(2011年3月12日 診断から約4年1か月)
この地震の震源はどこなのか?当初、私はこれ以上の揺れに見舞われた地域があったなんて、想像すら出来ませんでした。
ジジの両親(私の祖父母)は仙台の人です。今も親戚がいます。
テレビに映し出される光景に胸が潰れる思いでした。ジジにとって強い揺れは身にこたえたようです。画面を見つめて放心状態でした。
おママは画面を見るたびに、
「なんでこんな事になったの?」
津波の映像を見ては、
「逃げて〜」
と叫びます。ただでもパニックになりかけているのですから、私はその都度、穏やかに事の次第を説明しました。テレビを消しても、付けっ放しが習慣なので、おママは直ぐに自分で付けてしまいます。
しかし、私もいっぱいいっぱいです。
夫と姑とは3時前に電話で話す事ができましたが、アズキとは連絡が取れていません。
おそらく銀座に出掛けているであろうオネコもどうしているか分かりません。
電話が繋がらない状態では、出来ることをするしかない…。
この時、ガスが止まってしまいました。ご近所は大丈夫だったのに、実家はガスメーターの復旧ボタンを押してもガス台は点きませんでした。
夕飯は電子レンジで調理出来る物を考えましたが、せめて食後に暖かいお茶くらいは飲ませたあげたい。
それで、電子レンジで温めて飲めるように、私はペットボトルのお茶を買いに行きました。

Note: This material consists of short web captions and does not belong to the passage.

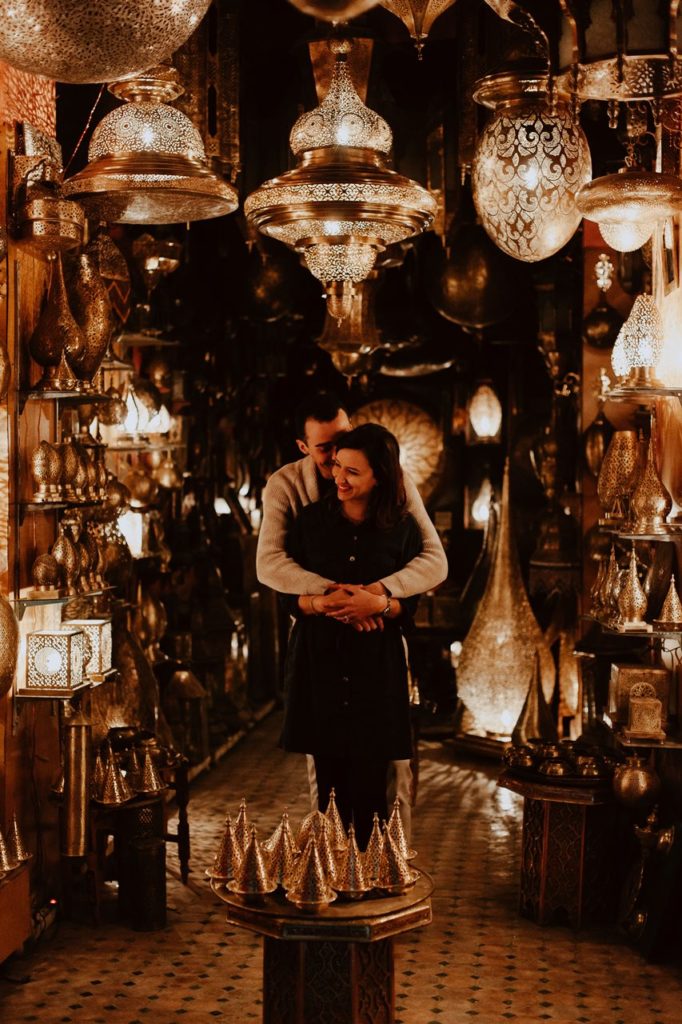 séance couple fès magasin lampe marocaine complicité mariés
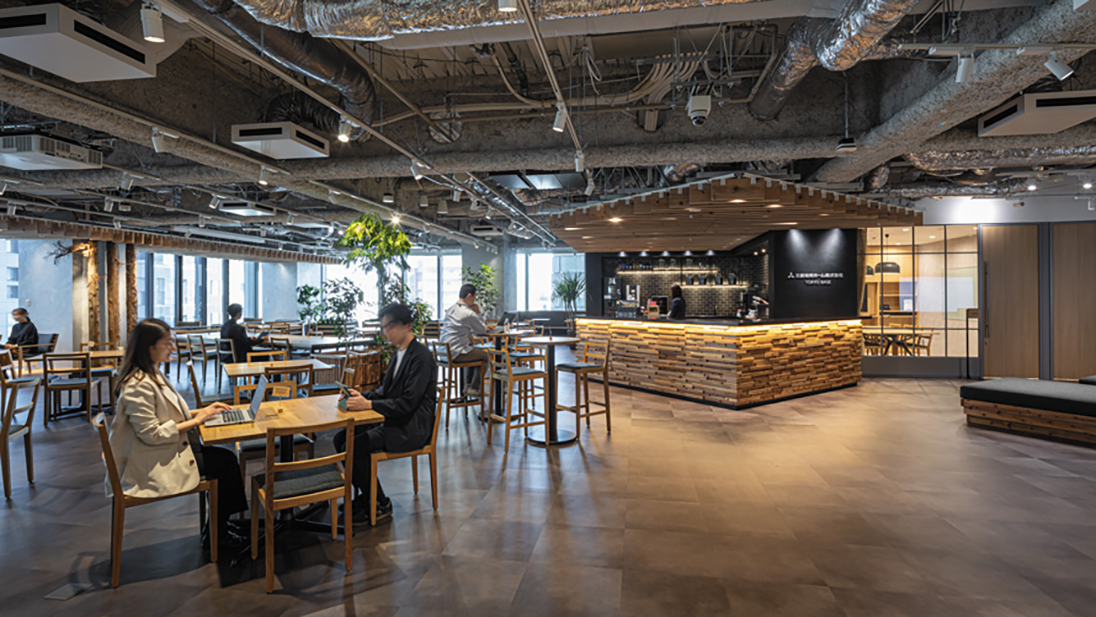 エントランス/カフェ&共創空間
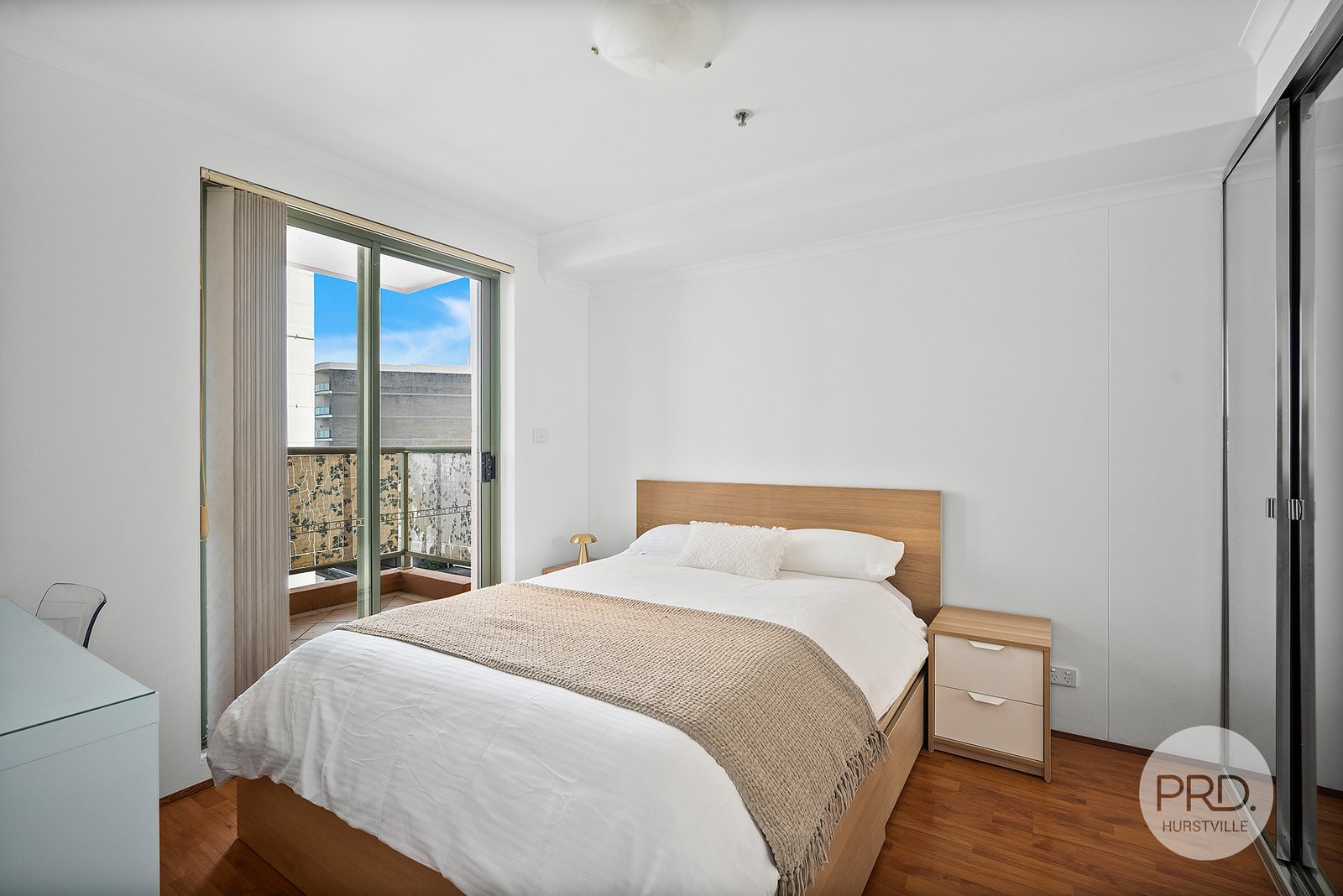 T1 903/588A-600 Railway Parade HURSTVILLE 6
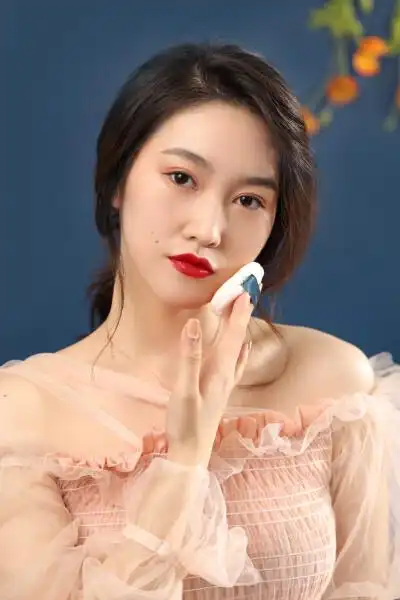 就想到了被李佳琪推荐到断货的花西 子玉女桃花轻蜜粉~如烟雾一样轻薄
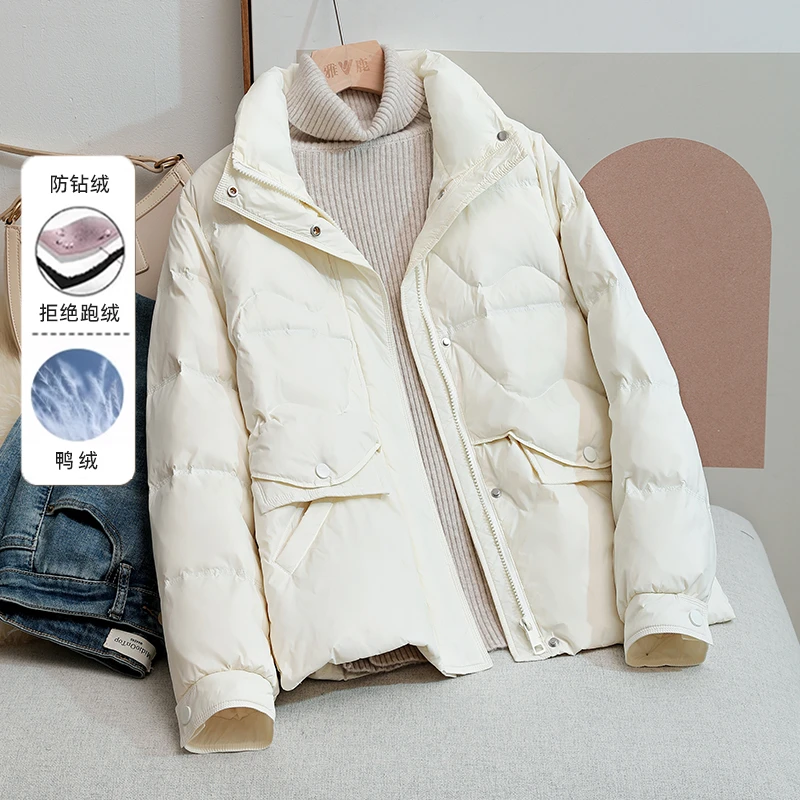 2025年秋冬季新款轻薄羽绒服女中老年妈妈外套大码气质外套羽绒服
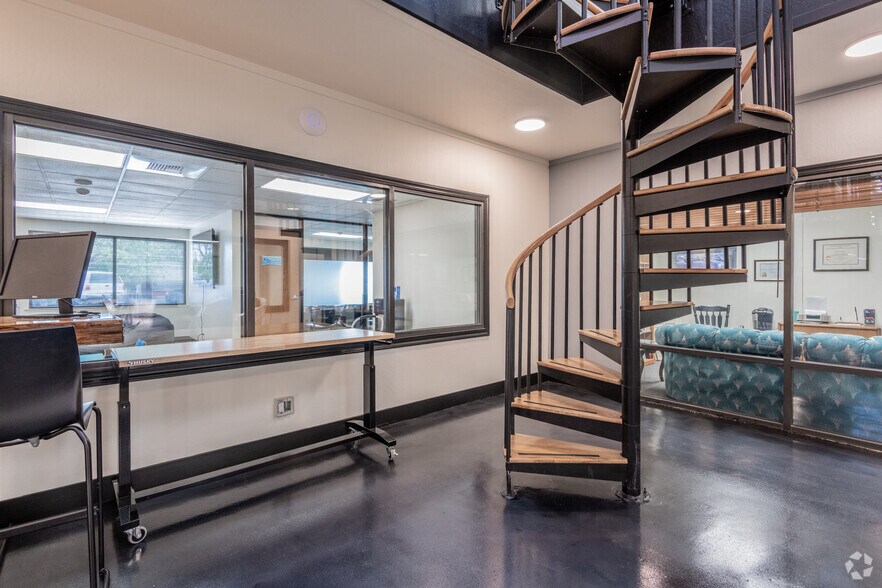 More Photos Of 255 W Moana Ln, Reno Loft Creative Space For Lease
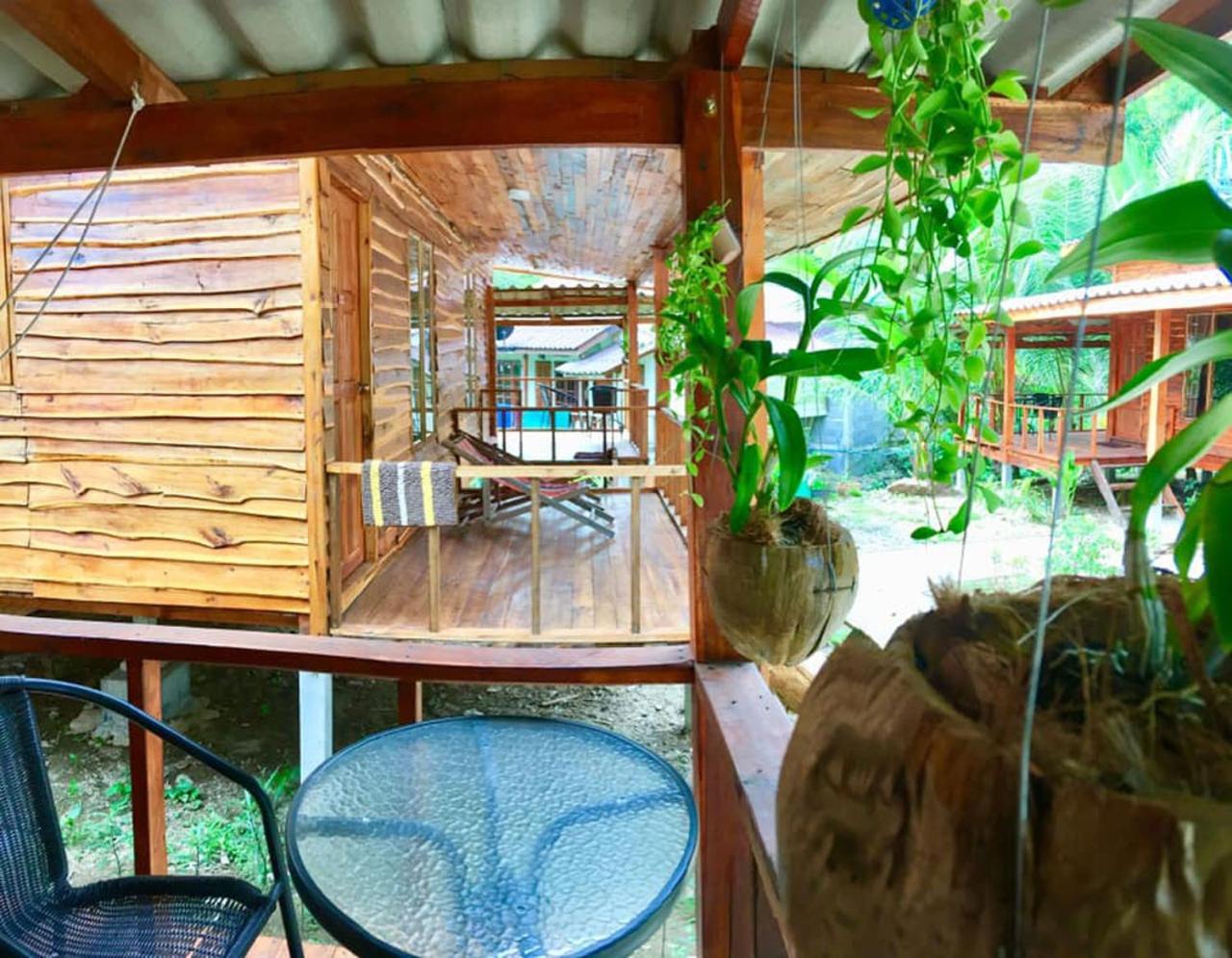 Lanta A Toi House Hotel เกาะลันตา ภายนอก รูปภาพ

しかし、駅前のスーパーは全て店を閉じていました。コンビニもです。
一件だけ店頭で潰れたペットボトル飲料を半額以下で売っている店があり、お茶を2本だけ買いました。他にもすぐに食べられそうなパンやレトルト食品も買いたかったのに…。
私が肩を落として戻ると、炊飯器からご飯の炊ける匂いがしました。
ジジによると、
「災害の時は炊ける時に炊くんだ。炊き出しだ!
おママがそう言って炊いたんだよ。3合も…。」
どうやら私がガスメーターと格闘したり買い物に行っている間に、おママはおママなりに考えて動いていたのですね。この時のご飯は一際、美味しそうに香りました。
さすが❗️おママ。
しかし、炊き上がると、ご飯を混ぜっかえしながら、おママは言うのです。
「どうしていつもよりたくさん炊いたのかしら?」
おママったら…。(笑)
夕方の6時頃、夫から電話があり、アズキが帰宅した知らせが入りました。
オネコについては、姪っ子のユズちゃん経由で銀座から歩いていることが分かりました。
8時を過ぎて戻ったオネコ夫婦を見た時、私は心底ほっとしました。
「心配だったわ。本当に、この家が潰れてなくて良かった…。」
オネコも安堵の笑みを浮かべました。
この夜は交通事情もあり、私は実家に泊まりました。
おママが不安になるといけないので、テレビは消しました。
でも、尋常ならざる事を本能で感じるのか、私が気が付くと、おママはテレビに釘付けになっています。そして泣かんばかりに聞いてくるのです。
「どうして、こんなに、燃えてるの?」
それは火の海となった気仙沼…。そして市原のコンビナート火災の映像でした。
地震発生から、私は何度おママに説明した事でしょうか?
大地震があった事。大変な津波が来た事。
それを1時間に5回として、40回くらいでしょうか。
流石に私も限界でした。泣きたいのは私の方よ。
「おママ、もう、いいから寝てください。テレビは付けないで❗️」
思わず声を荒げてしまいました。
いけない事とは分かっています。でも、私はおママを強引に寝かせて、家中の電気を消しました。